The Magic of the Orphic Hymns: A New Translation for the Modern Mystic, by Tamra Lucid and Ronnie Pontiac
Inner Traditions, 1644117207, 288 pages, August 2023

The mythical musician Orpheus charmed fish, sirens, and weary heroes with his songs while sailing with Jason and the Argonauts in pursuit of the Golden Fleece, but he is best known for his doomed love affair with Eurydice, who died after she was bitten by a snake while fleeing a rapist on their wedding day. Orpheus was so distraught that he descended into the Underworld and convinced Persephone, the Queen of the Dead, to resurrect his wife, on the condition that he not look back while leading her out of Hades.

However, in his eagerness to reunite with her, he couldn’t resist the urge to turn around, and she slipped away from him once again.

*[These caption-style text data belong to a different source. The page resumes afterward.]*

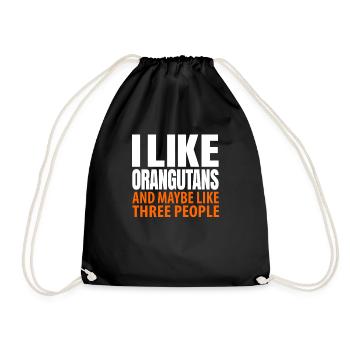 Orangutan - Drawstring Bag - black - Front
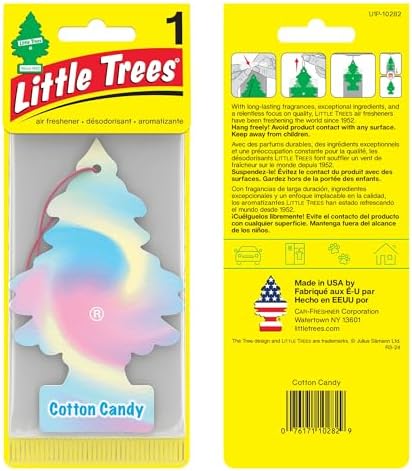 LITTLE TREES Car Air Freshener | Hanging Paper Tree for Home or Car | Cotton Candy | 3 Pack - Image 2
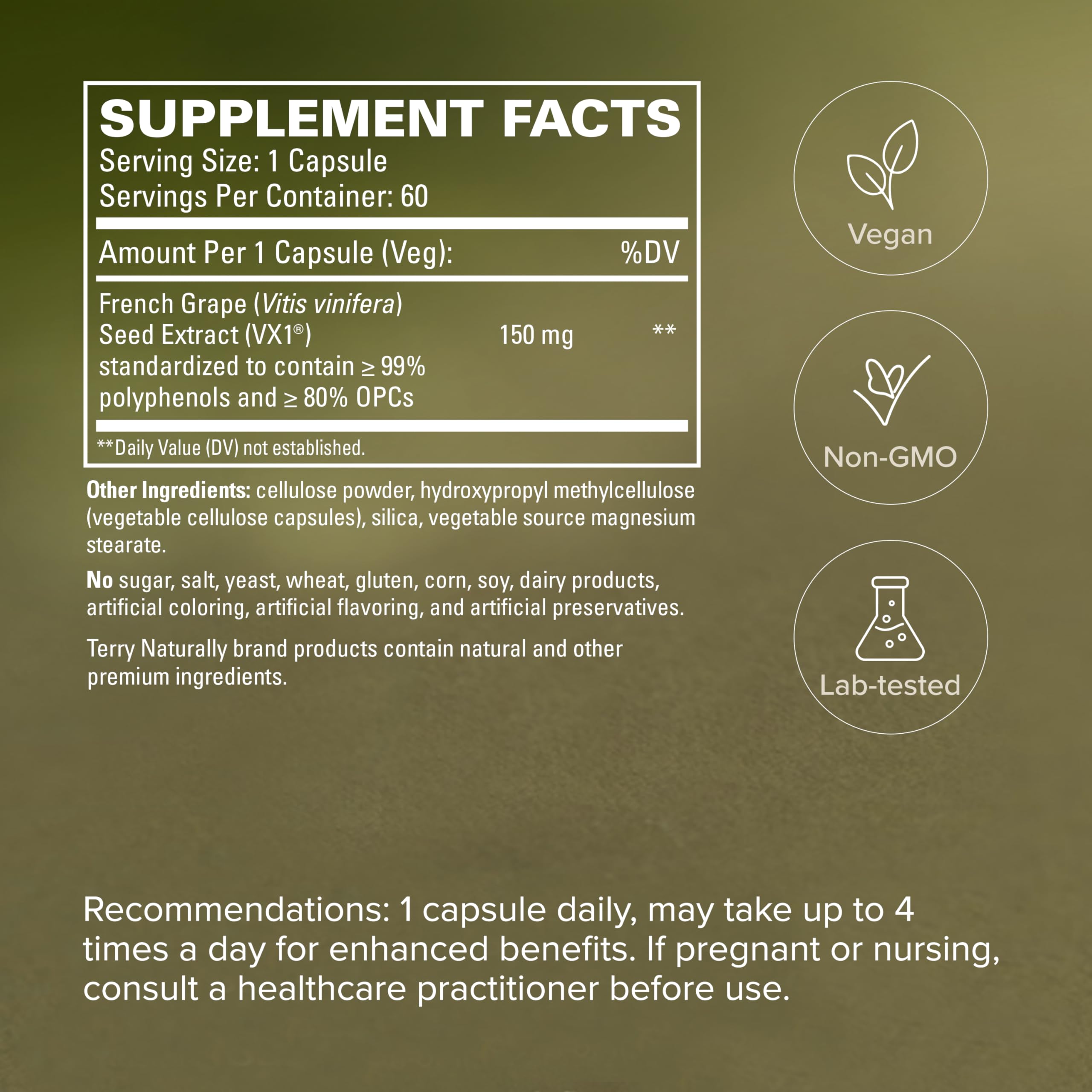 Terry Naturally Clinical OPC Antioxidant - French Grape 150 mg - 60 Count — Amazon image 5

Upon returning to the surface without his beloved wife, he founded the mystery religion that bears his name and the maenads tore him apart, mirroring the dismemberment of Dionysus by the Titans. A collection of 87 religious poems, known as the Orphic Hymns, were attributed to this cult hero, though the true origin and authorship of them is shrouded in mystery. 

In The Magic of the Orphic Hymns: A New Translation for the Modern Mystic, co-authors Tamra Lucid and Ronnie Pontiac revitalize the traditional hymns with fresh new poetic renderings in contemporary English. Like Orpheus, the husband and wife duo are mystical musicians themselves, who founded the experimental rock band Lucid Nation. Both were initiated into the underground music and occult scene of Los Angeles, and Pontiac apprenticed under the metaphysical scholar Manly Palmer Hall. Lucid wrote about their experiences in Making the Ordinary Extraordinary: My Seven Years in Occult Los Angeles with Manly Palmer Hall (2021).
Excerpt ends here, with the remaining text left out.